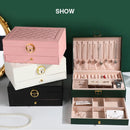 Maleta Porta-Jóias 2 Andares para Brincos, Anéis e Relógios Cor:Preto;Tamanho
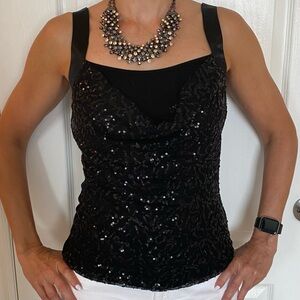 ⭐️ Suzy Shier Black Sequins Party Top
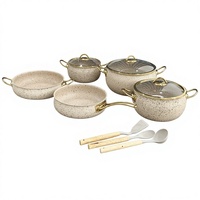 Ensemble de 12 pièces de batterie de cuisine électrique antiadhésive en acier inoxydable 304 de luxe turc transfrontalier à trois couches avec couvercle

────────────────────────────────────────

*Requirement*.
Write out the data exactly, and exclude every picture it holds.

*Exercise output*.
 Maleta Porta-Jóias 2 Andares para Brincos, Anéis e Relógios Cor:Preto;Tamanho
 ⭐️ Suzy Shier Black Sequins Party Top
 Ensemble de 12 pièces de batterie de cuisine électrique antiadhésive en acier inoxydable 304 de luxe turc transfrontalier à trois couches avec couvercle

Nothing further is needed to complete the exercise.